Today’s question is the following:
“How does a state’s investment in early childhood programs pay off for the state? We live in a mobile society. If our state invests more in young children, won’t most of them end up just moving elsewhere?”
Answer: Americans are not as hyper-mobile as people sometimes think. Although many Americans move, over 60% of all Americans spend most of their working career in the same state in which they spent their early childhood.
If we are able to better develop the skills of children in our state, our state will in the long-run have a labor force with higher skills. This higher skill labor force will attract businesses.
We live in a world where businesses can easily ship inputs and outputs all over the world. But it’s harder to ship workers. Businesses still need to locate where they can readily find workers with the skills they need. If the local labor force is higher quality, this is a key competitive advantage for a state or local economy.

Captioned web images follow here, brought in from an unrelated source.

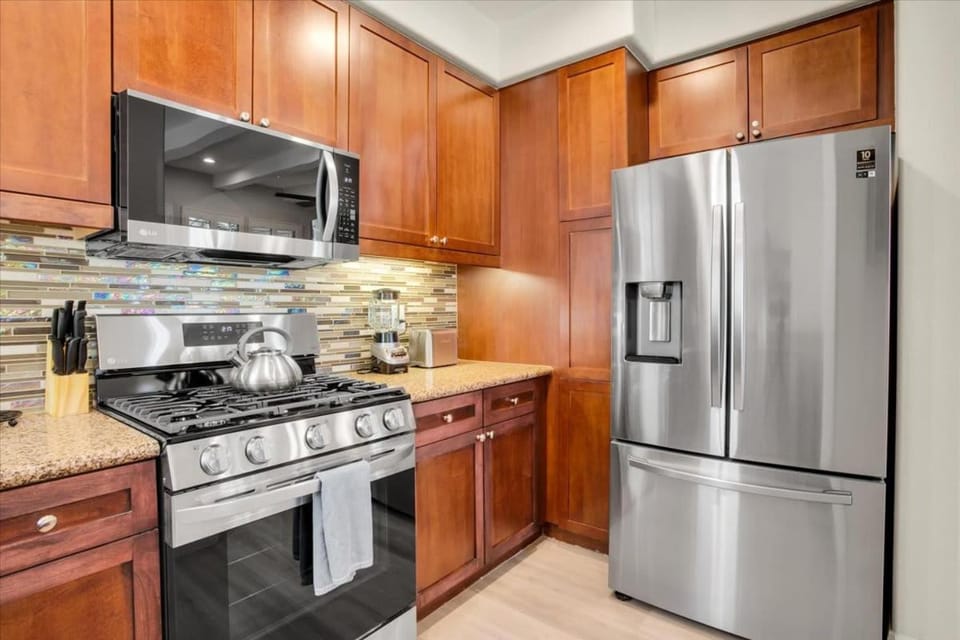 Modern LQ Getaway Steps to pool & spa #A Apartment in Indian Wells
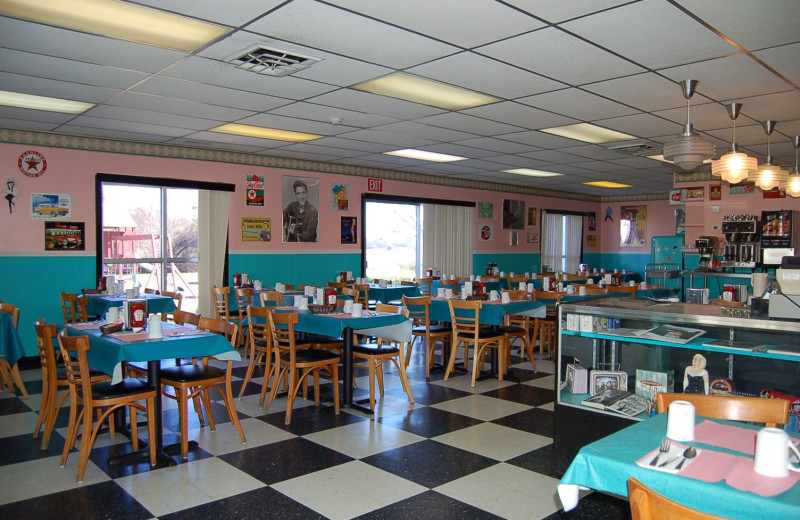 Helen's Diner, a 50s style diner at Tidewater Inn.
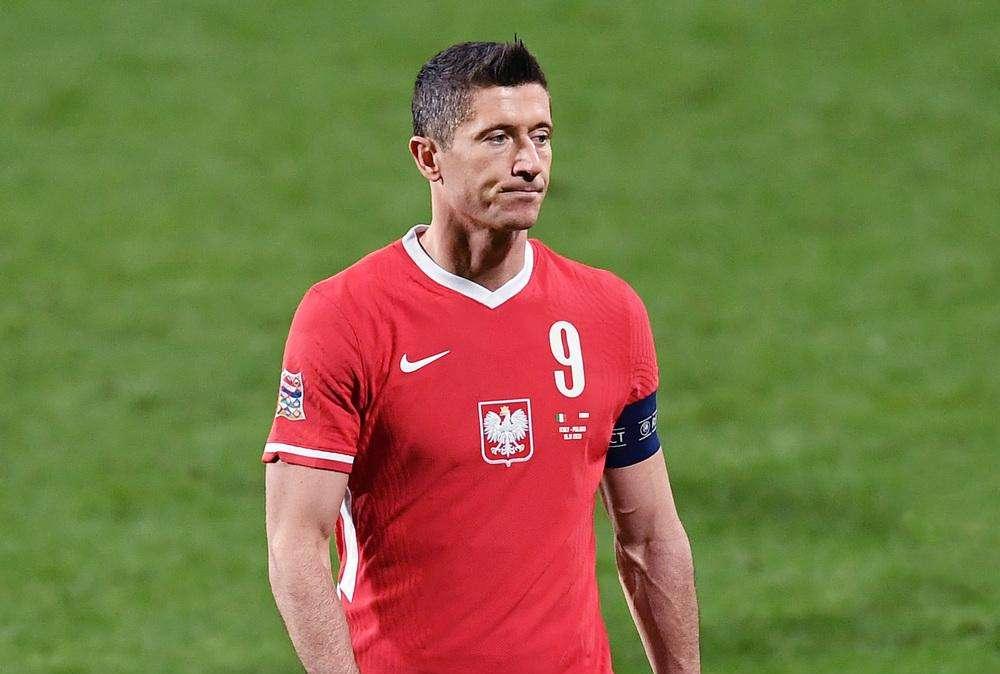 FC Barcelona, Lewandowski no entrena porque no firmó el contrato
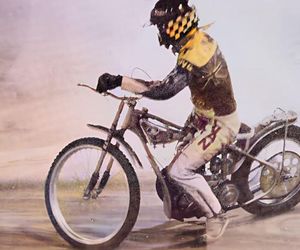 Stary żużel w kolorze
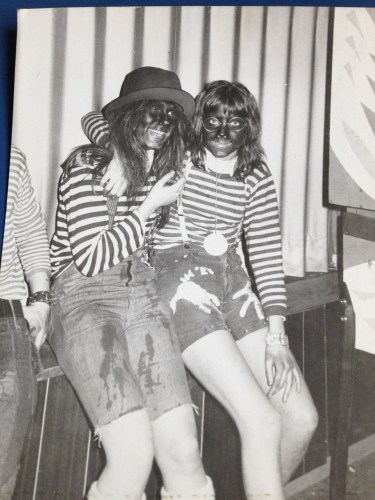 Op zoek naar een passende profielfoto voor de komende festiviteiten kom ik dit ouwetje uit '72 tegen Annemarie en ik.  Zou zwarte schmink ook in de ban moeten?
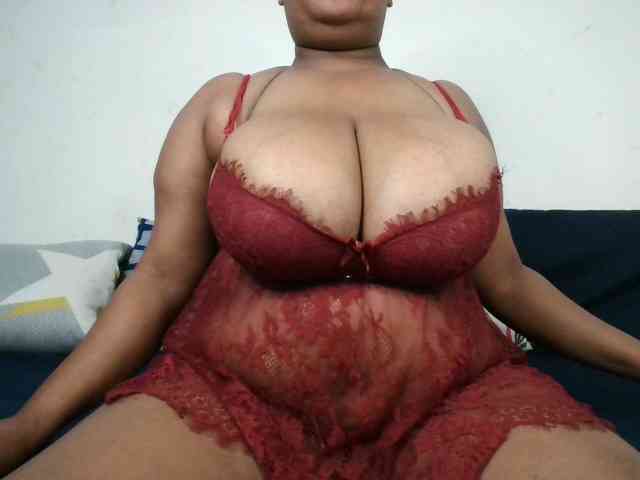 BIGTITTISXX webcam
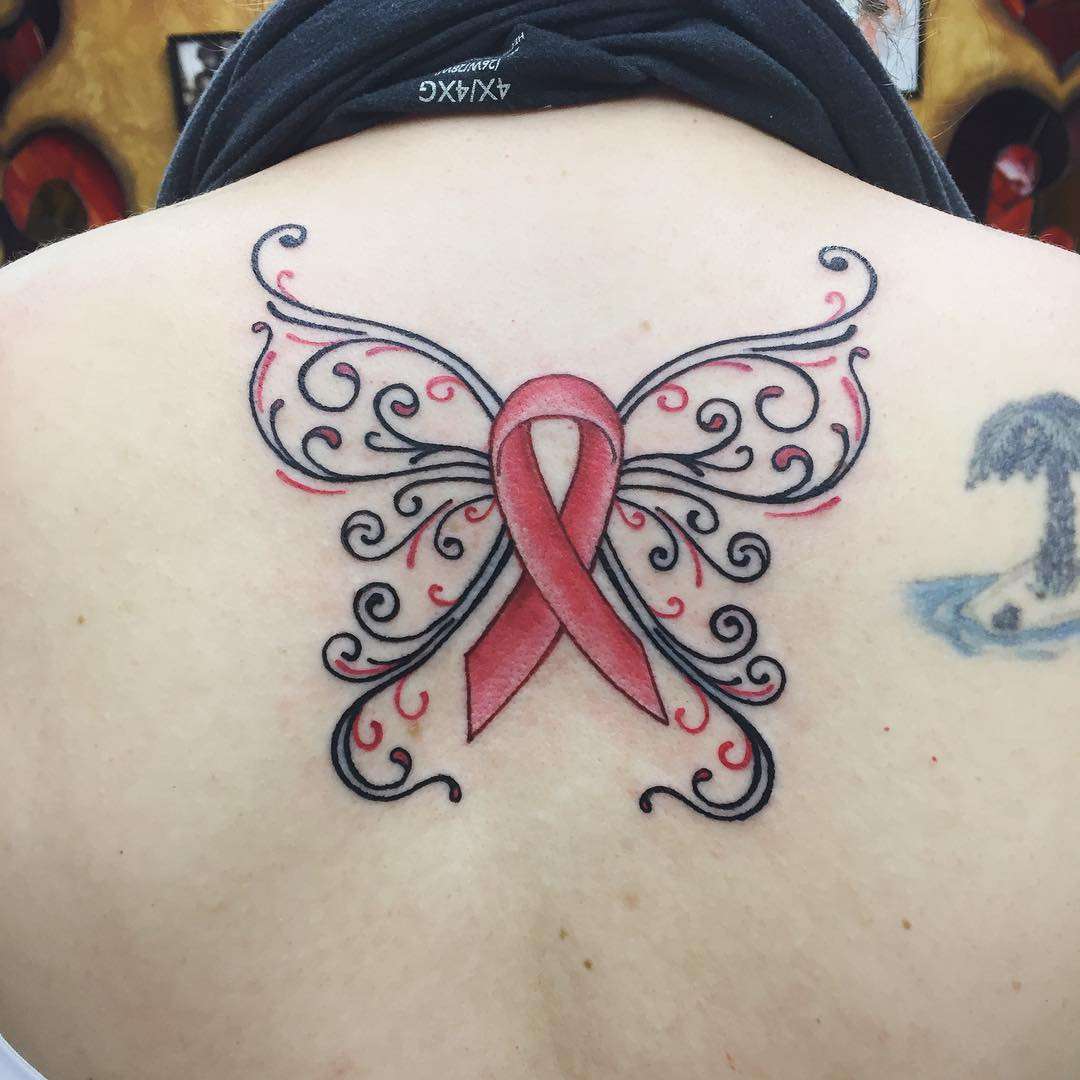 Tattoos für Frauen ab 50 Brustkrebs Schmetterling Rückentattoo Ideen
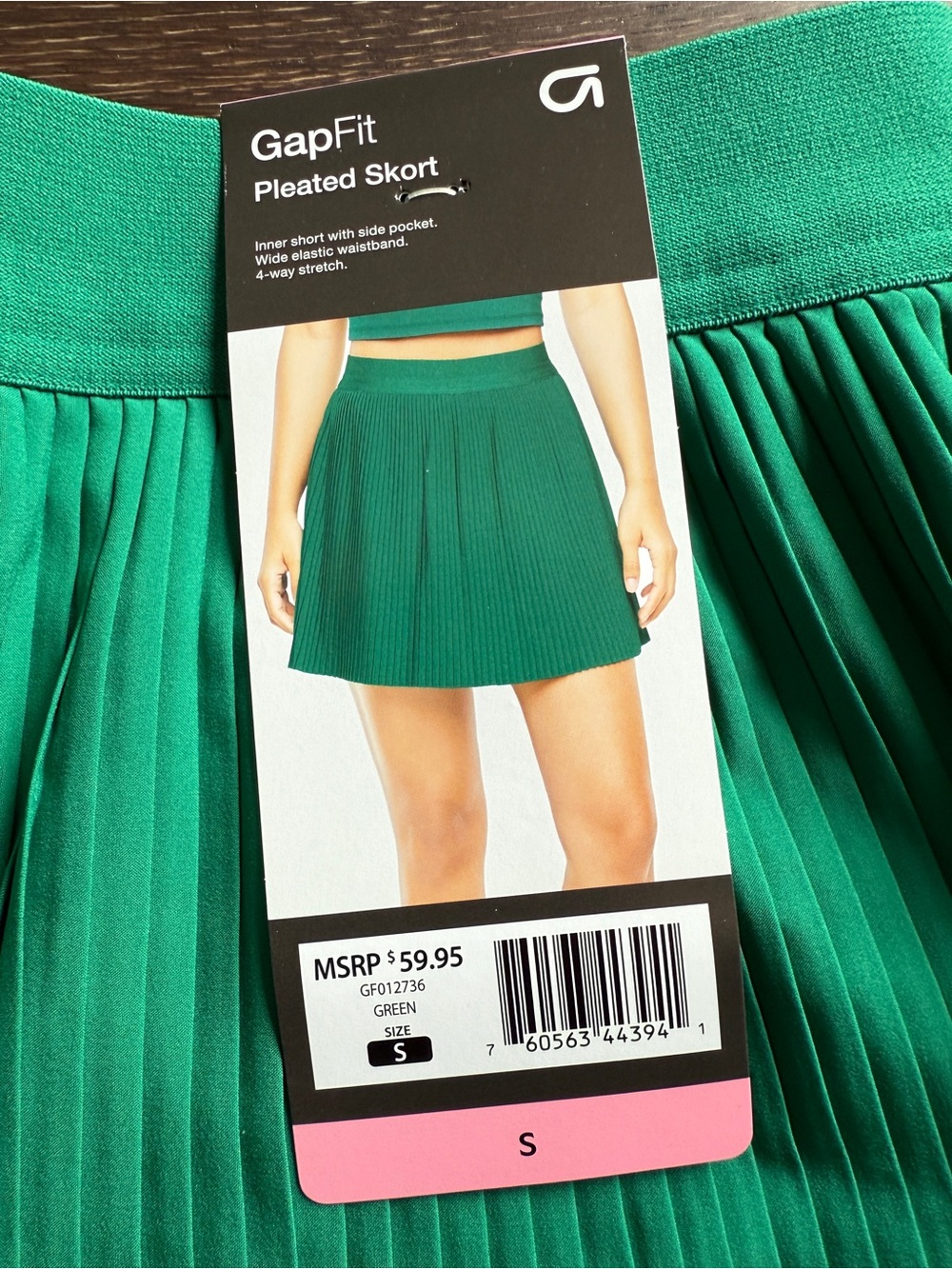 GAP Pleated Mini Skirt in Green - Picture 9 of 9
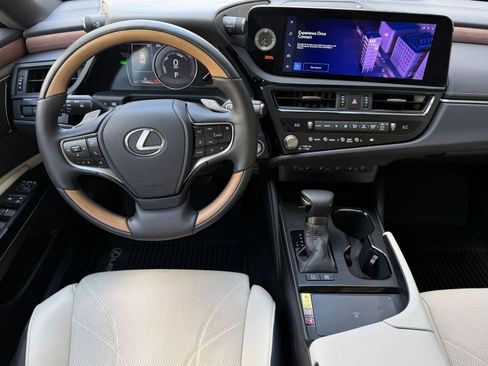 Certified 2025 Lexus ES 300h Ultra Luxury w/ Accessory Package (Z1) FWD image 27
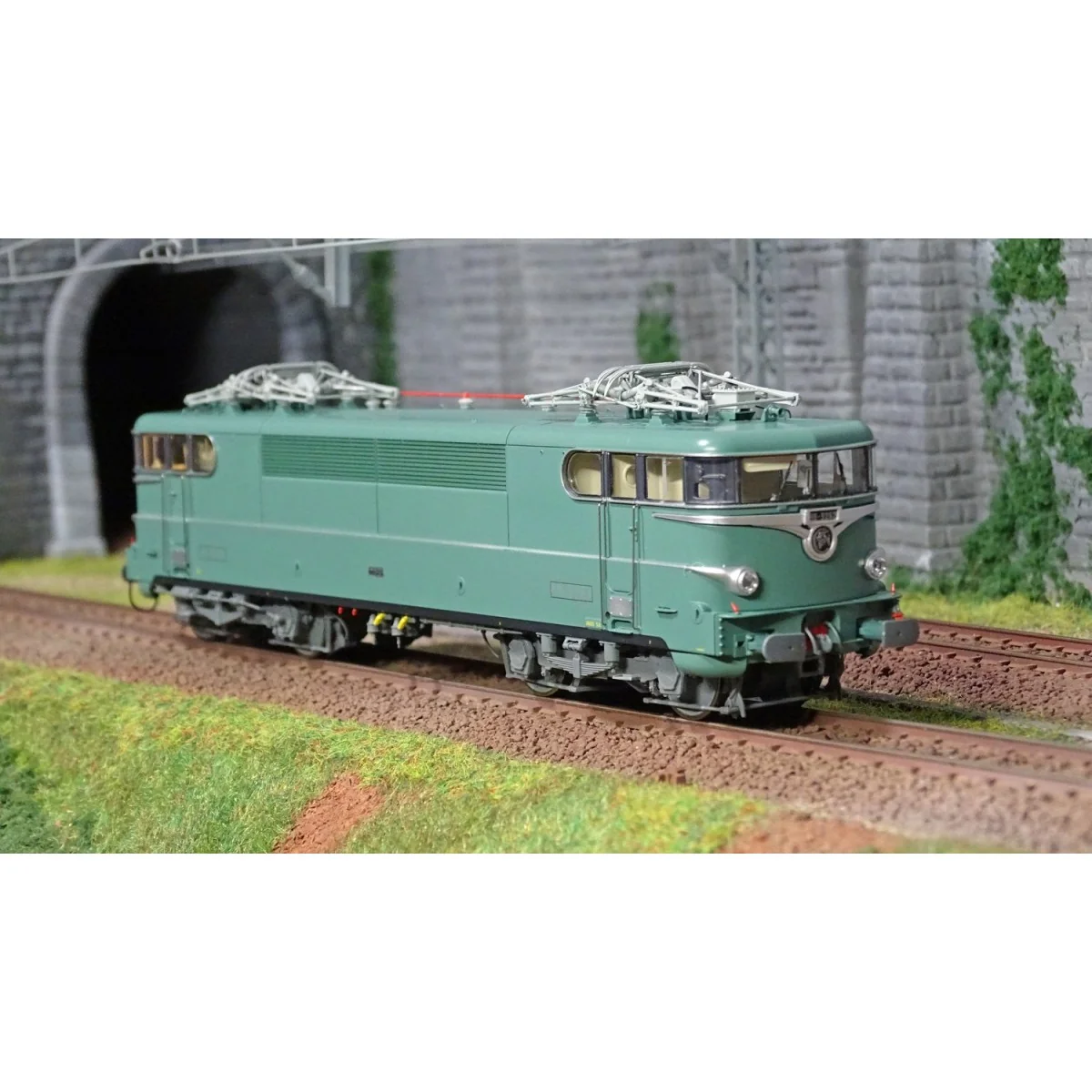 Ree Modeles MB080.S BB 9262 electric locomotive, originally green, ...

This higher quality labor force will entice businesses to locate in the state; it will help improve the competitiveness of a state’s existing businesses, which will make it easier for them to gain market share and expand; and a higher quality state labor force will encourage business start-ups, because these start-ups will know that skilled workers will be available for their needs.
As a result, higher quality early childhood programs will attract more and better jobs to a state’s economy. These more and better jobs will increase per capita incomes, increase property values, and increase state and local government receipts more than the need for added state and local government expenditures.